La spirale è una forma usata dal Borromini in S.Ivo alla Sapienza nella lanterna della cupola, una spirale ascendente che salendo si restringe e si rettifica: la via del peccatore prima ampia e contorta che per ascesa in virtù della Sapienza Divina diventa una via retta (nel senso sia dritta che giusta) e porta all'unione con Dio.
Questo è un uso del simbolo preciso e corretto, un particolare di un'insieme complesso e articolato e perfettamente coerente in tutte le sue parti.
Invece la spirale di Piano, ingigantita, diventa la pianta dell'edificio. Il decorativismo vietato dal dogma modernista si ingigantisce e diventa struttura. Questo meccanismo crea un percorso contorto e non univoco all'interno dell'edificio, viene a mancare la "retta via" che conduce a Cristo (l'altare, la teofania), viene a mancare il rapporto "faccia a faccia" tra il fedele e Dio (nella basilica il fedele subito all'ingresso è attratto dal mosaico teofanico del catino absidale che lo costringe a seguire una via diritta e unica, che sta a significare una "via di verità" di avvicinamento al divino).
La spirale di questa chiesa, non solo non ha valore simbolico corretto perchè non porta a nulla, non ascende, anzi suggerisce un movimento di decrescità, verso la cripta di tipo infero, oppure di crescita verso la vetrata e il piazzale esterno all'edificio, ribaltando il rapporto gerarchico della chiesa tra esterno ed interno.
Mi fermo quà ma ci sarebbe ancora e altro da dire.
Ciao,
Enrico Bardellini (La Capanna in Paradiso)

Pietro Pagliardini ha detto...

Enrico la tua analisi è lucidissima, chiara e molto colta, come d'altra parte lo è il tuo blog e dunque il suo autore.
Posso solo aggiungere che il volto aggressivo del modernismo si esalta e si può leggere con molta più chiarezza nell'architettura e nell'arte sacra e in quella cristiana in particolare. Mi domando cosa accadrebbe se nel progettare una moschea o una sinagoga le si riempissero di immagini divine!
A nessuno verrebbe neanche in mente una bestemmia del genere, e giustamente aggiungo.
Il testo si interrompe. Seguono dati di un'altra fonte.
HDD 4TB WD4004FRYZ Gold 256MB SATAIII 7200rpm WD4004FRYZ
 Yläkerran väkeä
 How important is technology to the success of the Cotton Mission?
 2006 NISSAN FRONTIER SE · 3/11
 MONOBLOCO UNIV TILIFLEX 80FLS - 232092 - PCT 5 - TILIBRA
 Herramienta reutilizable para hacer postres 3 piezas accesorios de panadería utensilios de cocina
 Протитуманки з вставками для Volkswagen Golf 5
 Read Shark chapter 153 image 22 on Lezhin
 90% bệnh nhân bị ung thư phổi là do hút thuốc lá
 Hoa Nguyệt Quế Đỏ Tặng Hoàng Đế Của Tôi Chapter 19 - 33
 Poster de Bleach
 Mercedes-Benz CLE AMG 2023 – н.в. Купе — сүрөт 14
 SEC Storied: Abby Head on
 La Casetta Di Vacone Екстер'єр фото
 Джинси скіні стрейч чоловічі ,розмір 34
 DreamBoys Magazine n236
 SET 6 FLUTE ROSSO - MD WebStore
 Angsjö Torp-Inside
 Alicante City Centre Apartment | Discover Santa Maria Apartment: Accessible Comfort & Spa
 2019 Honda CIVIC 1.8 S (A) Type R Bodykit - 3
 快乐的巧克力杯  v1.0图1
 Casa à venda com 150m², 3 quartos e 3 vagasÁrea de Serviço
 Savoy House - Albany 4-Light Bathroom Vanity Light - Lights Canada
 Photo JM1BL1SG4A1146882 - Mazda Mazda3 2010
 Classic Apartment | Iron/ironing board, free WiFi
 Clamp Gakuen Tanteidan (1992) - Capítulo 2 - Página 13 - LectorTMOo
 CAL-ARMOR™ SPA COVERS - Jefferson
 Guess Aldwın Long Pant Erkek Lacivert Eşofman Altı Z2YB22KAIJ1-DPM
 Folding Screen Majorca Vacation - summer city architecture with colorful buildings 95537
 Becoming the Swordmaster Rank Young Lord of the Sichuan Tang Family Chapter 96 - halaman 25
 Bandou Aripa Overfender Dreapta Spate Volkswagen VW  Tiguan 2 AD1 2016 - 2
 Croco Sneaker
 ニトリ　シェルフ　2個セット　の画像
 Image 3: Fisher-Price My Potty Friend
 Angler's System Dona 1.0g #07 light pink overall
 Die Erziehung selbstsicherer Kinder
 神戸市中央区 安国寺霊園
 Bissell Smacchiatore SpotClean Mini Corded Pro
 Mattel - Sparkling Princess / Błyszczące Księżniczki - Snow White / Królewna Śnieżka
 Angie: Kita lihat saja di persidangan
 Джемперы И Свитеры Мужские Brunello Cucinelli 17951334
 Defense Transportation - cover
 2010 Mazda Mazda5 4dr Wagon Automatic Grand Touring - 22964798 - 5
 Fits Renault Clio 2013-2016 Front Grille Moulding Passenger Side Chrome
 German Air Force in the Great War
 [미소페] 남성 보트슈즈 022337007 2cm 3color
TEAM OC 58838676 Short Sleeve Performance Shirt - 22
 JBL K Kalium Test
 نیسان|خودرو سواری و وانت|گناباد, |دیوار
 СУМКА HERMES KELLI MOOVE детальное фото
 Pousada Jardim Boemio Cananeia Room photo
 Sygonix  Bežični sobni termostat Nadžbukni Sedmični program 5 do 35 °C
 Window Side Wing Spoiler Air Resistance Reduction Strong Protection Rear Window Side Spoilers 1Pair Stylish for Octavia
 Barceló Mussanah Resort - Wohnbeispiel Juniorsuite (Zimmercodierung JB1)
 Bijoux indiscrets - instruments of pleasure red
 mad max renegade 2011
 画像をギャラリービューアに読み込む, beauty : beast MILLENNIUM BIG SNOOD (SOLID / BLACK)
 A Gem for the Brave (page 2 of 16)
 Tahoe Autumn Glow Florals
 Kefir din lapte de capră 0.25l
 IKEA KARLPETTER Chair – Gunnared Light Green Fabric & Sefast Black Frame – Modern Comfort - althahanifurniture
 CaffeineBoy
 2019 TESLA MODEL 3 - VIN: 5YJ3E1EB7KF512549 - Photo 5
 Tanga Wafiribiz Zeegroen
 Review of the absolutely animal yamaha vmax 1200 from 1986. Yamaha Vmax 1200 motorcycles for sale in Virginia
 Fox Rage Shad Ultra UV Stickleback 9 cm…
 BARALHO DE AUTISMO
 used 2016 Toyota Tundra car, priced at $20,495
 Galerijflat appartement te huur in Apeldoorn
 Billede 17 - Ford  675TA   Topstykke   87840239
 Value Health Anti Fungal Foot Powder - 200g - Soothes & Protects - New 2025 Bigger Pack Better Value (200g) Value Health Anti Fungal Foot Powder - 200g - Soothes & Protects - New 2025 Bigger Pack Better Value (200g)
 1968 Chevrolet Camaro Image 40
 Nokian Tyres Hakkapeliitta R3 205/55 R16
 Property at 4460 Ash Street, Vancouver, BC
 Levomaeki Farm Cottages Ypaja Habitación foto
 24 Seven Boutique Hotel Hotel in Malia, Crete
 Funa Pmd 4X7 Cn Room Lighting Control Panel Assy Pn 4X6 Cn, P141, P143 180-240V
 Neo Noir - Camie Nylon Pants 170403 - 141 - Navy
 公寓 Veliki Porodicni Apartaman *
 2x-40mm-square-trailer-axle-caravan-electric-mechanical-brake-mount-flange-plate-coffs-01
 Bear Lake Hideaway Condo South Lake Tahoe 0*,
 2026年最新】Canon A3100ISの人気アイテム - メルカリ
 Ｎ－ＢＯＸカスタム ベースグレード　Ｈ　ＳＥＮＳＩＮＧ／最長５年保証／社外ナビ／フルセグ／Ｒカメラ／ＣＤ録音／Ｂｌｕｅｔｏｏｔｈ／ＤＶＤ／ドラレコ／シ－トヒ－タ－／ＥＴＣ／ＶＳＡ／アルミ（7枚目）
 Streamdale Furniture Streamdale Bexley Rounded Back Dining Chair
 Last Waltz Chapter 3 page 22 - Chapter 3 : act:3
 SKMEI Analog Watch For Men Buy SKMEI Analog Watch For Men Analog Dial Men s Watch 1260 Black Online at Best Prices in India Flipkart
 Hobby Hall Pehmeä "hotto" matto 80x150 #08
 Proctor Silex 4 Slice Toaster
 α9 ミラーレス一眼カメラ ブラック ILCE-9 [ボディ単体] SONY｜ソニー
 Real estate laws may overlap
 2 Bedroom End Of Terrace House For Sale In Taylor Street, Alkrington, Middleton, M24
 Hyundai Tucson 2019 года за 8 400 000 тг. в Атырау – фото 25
Questo dimostra due cose: da un lato l'arroganza degli architetti, che progettano per se stessi a prescindere (non solo nelle Chiese), dall'altro la confusione dottrinaria, o peggio, di quel settore della committenza che ha il potere di decidere in questo campo, che si comporta con lo stesso atteggiamento dell'architetto, cioè innalza tempi a se stesso.